Records from a data collection
== Segment start ==

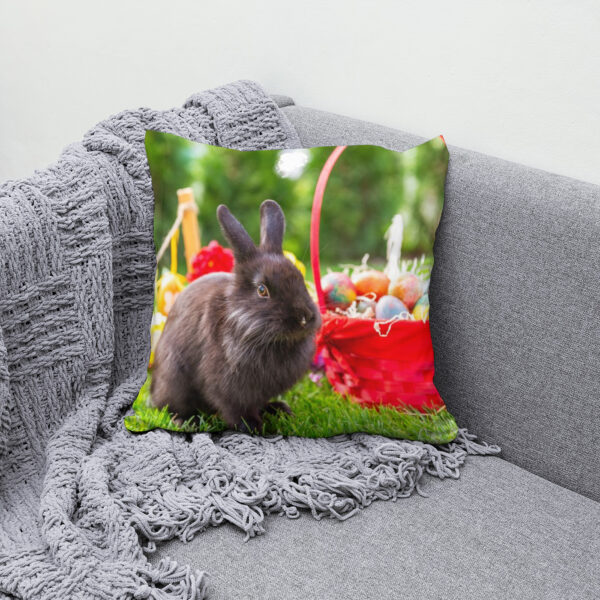 Cushion: Easter bunny and Easter eggs.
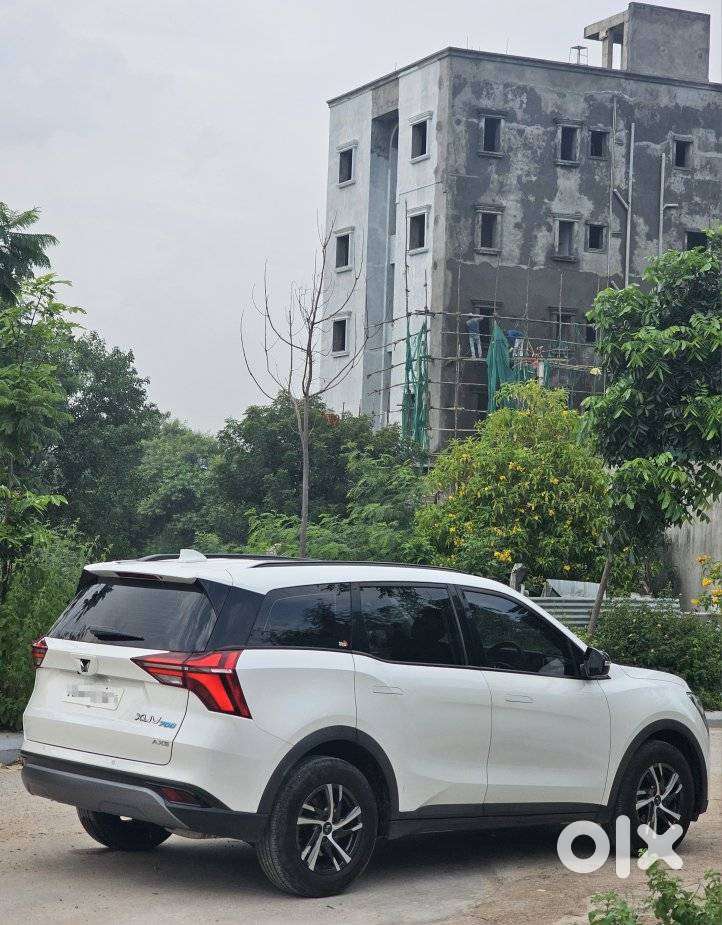 Mahindra Xuv700 2.0 Ax 5 Petrol At Str, 2022, Petrol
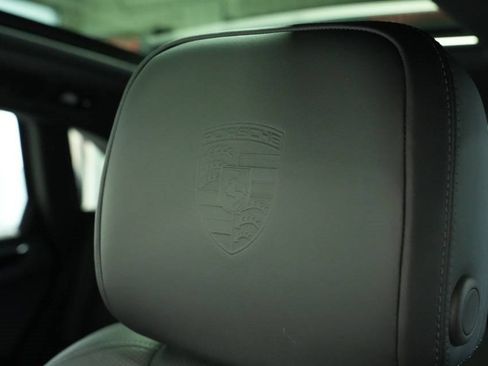 Used 2025 Porsche Macan image 34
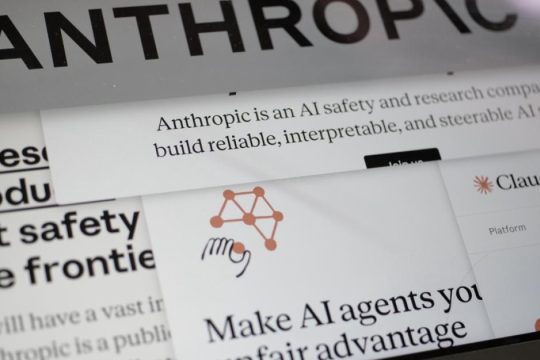 Στον «αέρα» 60 δισ. δολάρια λόγω της διαμάχης Anthropic - Πενταγώνου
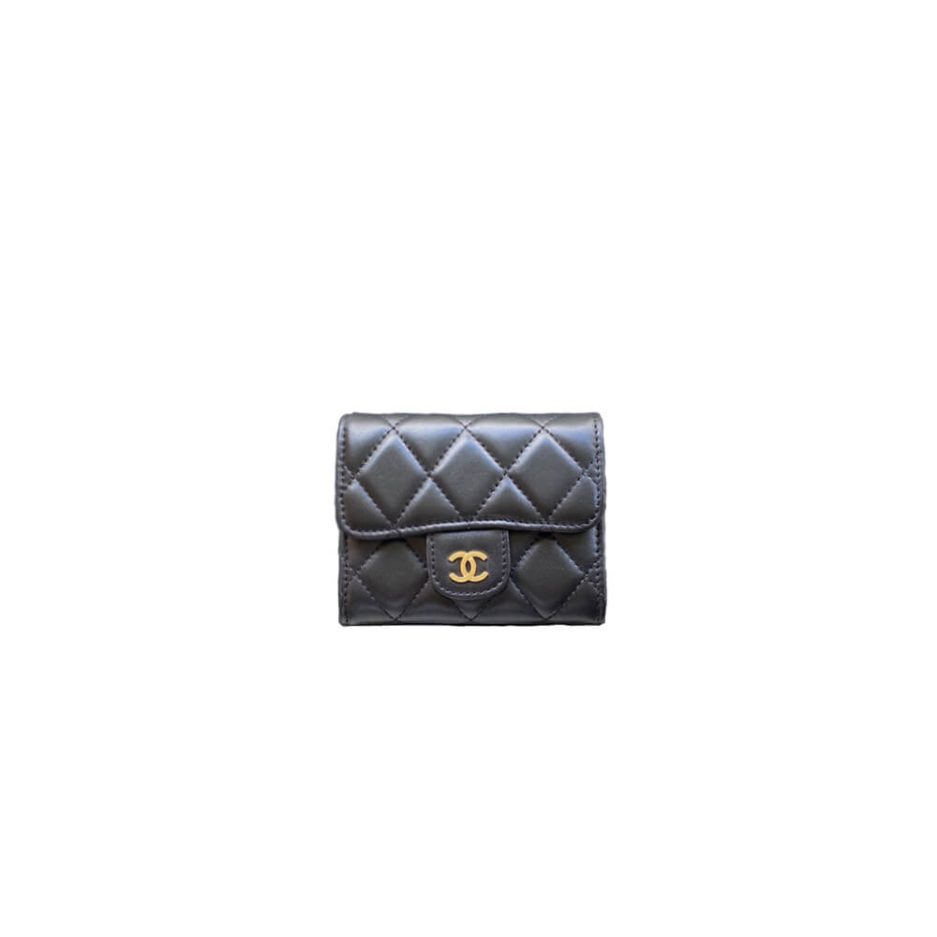 CHANEL Classic Small Flap Wallet
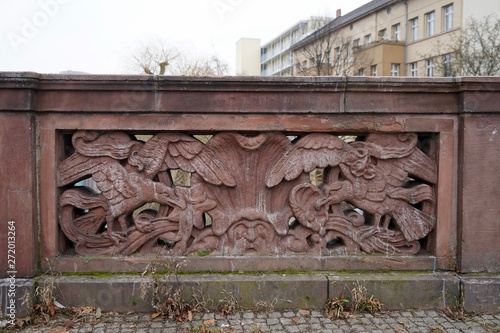 Auf der Lessingbrücke in Berlin photo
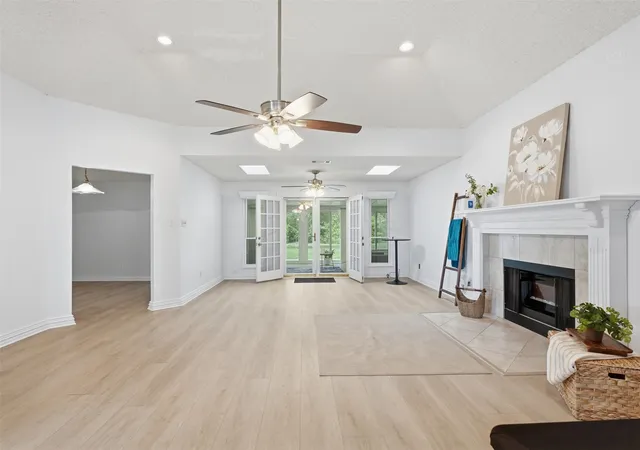 Photo 3 of Single family home for sale at 6065 Autumn Hills Dr, Fort Worth, TX 76140 | MLS# 21227722 | Listing updated on 2026-07-25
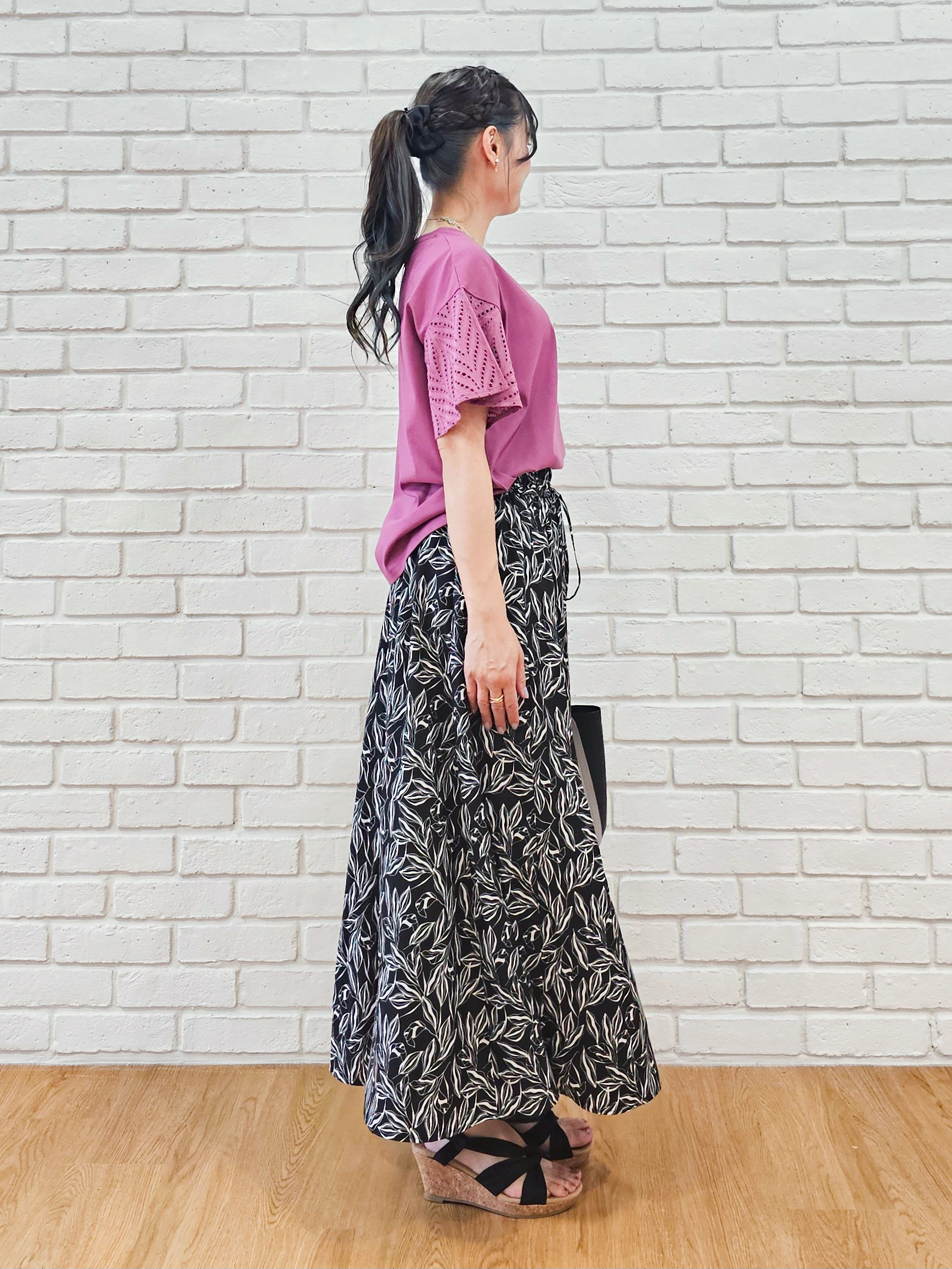 ゆゆさんの「SHOO･LA･RUE｜【S-LL/洗濯機可/体型カバー】汗じみが気になりにくい お袖レースフレアTシャツ」を使ったコーディネート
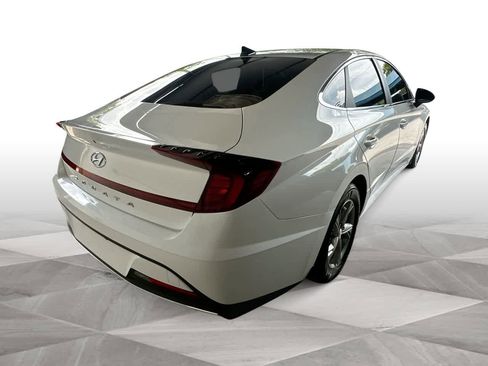 Used 2023 Hyundai Sonata SE FWD image 8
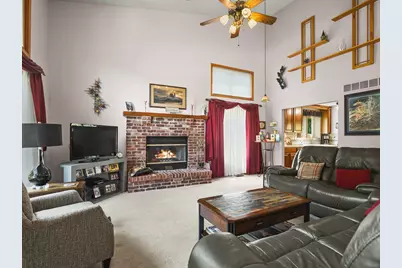 239 Rochester Road, Poplar Grove, IL 61065 - Photo 5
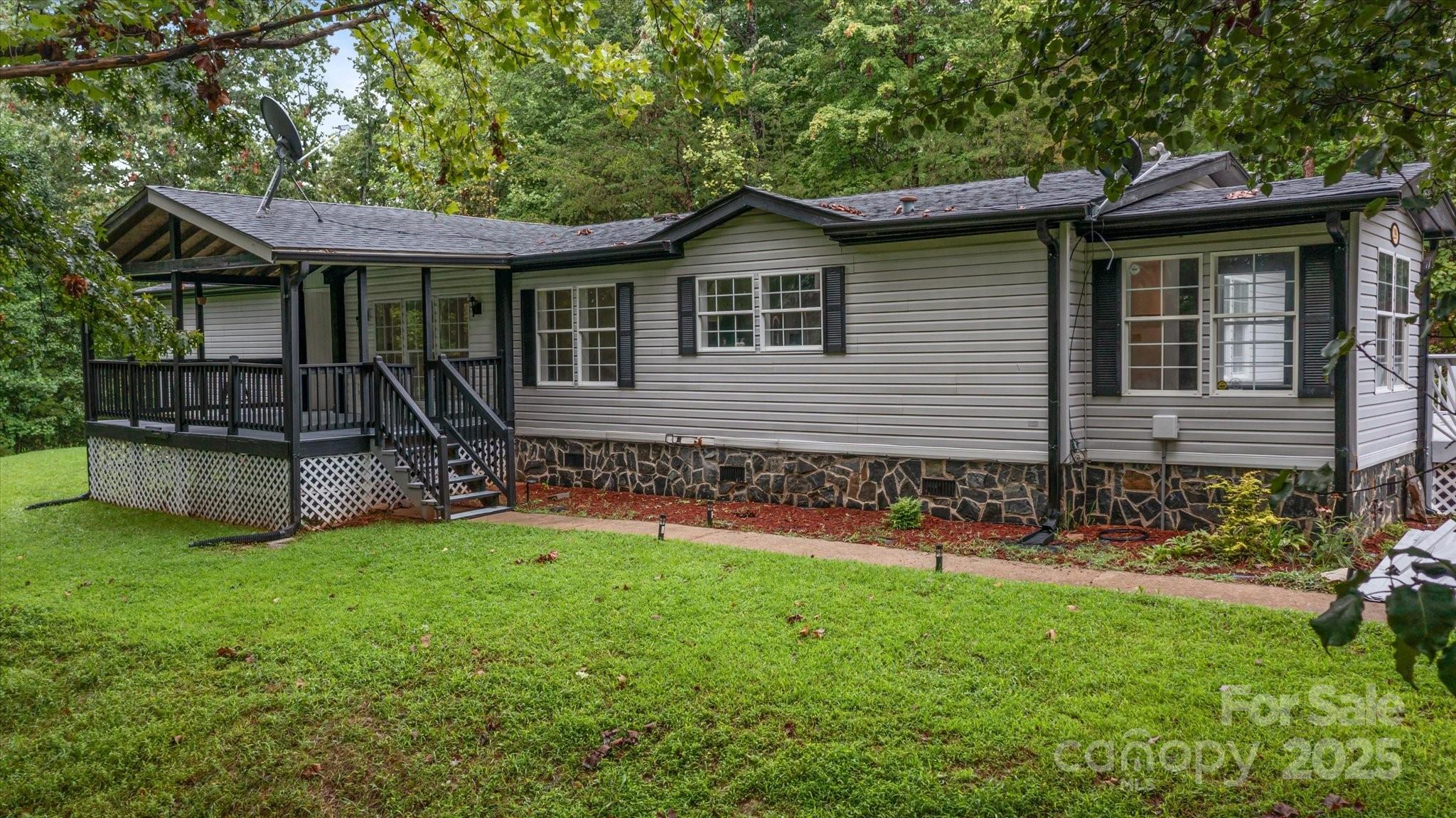 299 Foxtail Heights Drive Marion NC 28752
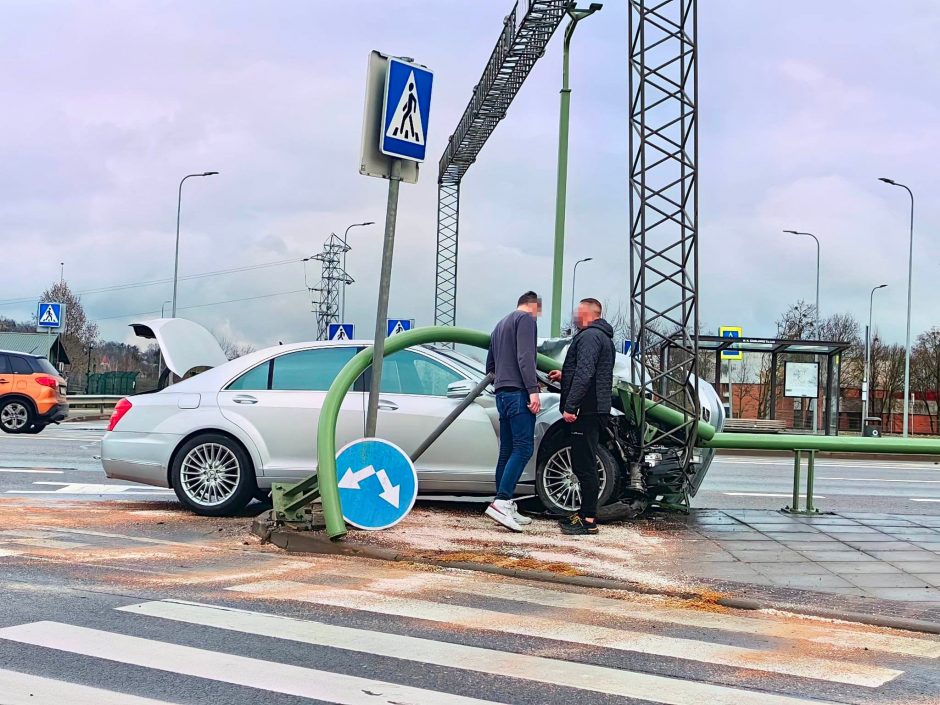 „Mercedes-Benz“ rėžėsi į M. K. Čiurlionio tilto konstrukciją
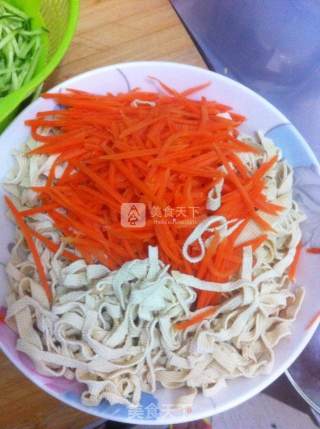 凉拌豆腐皮的做法步骤：5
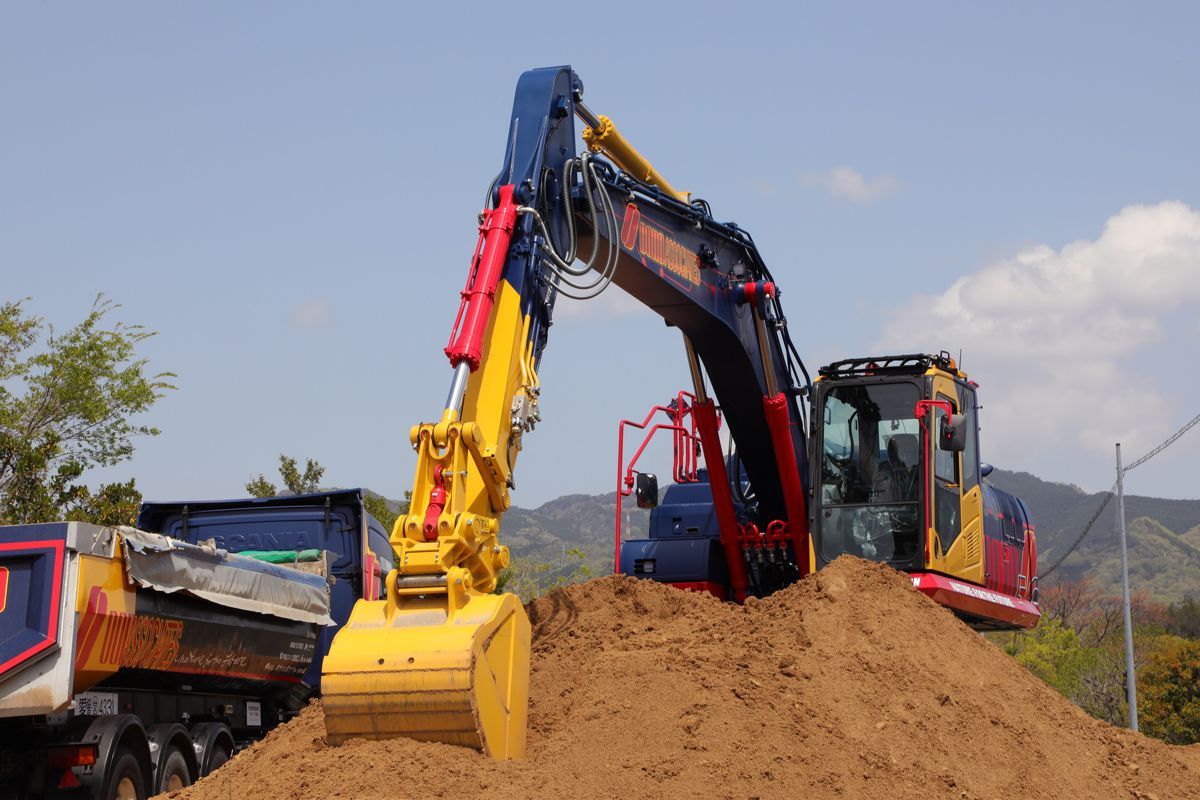 Komatsu remote control excavator on sale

== Segment end ==

**Exercise goal**
What the answer needs is every line from the one with "Used 2025 Porsche Macan image 34" through the last line of the data, reproduced word for word and with pictures omitted.

**Result of the task**
 Used 2025 Porsche Macan image 34
 Στον «αέρα» 60 δισ. δολάρια λόγω της διαμάχης Anthropic - Πενταγώνου
 CHANEL Classic Small Flap Wallet
 Auf der Lessingbrücke in Berlin photo
 Photo 3 of Single family home for sale at 6065 Autumn Hills Dr, Fort Worth, TX 76140 | MLS# 21227722 | Listing updated on 2026-07-25
 ゆゆさんの「SHOO･LA･RUE｜【S-LL/洗濯機可/体型カバー】汗じみが気になりにくい お袖レースフレアTシャツ」を使ったコーディネート
 Used 2023 Hyundai Sonata SE FWD image 8
 239 Rochester Road, Poplar Grove, IL 61065 - Photo 5
 299 Foxtail Heights Drive Marion NC 28752
 „Mercedes-Benz“ rėžėsi į M. K. Čiurlionio tilto konstrukciją
 凉拌豆腐皮的做法步骤：5
 Komatsu remote control excavator on sale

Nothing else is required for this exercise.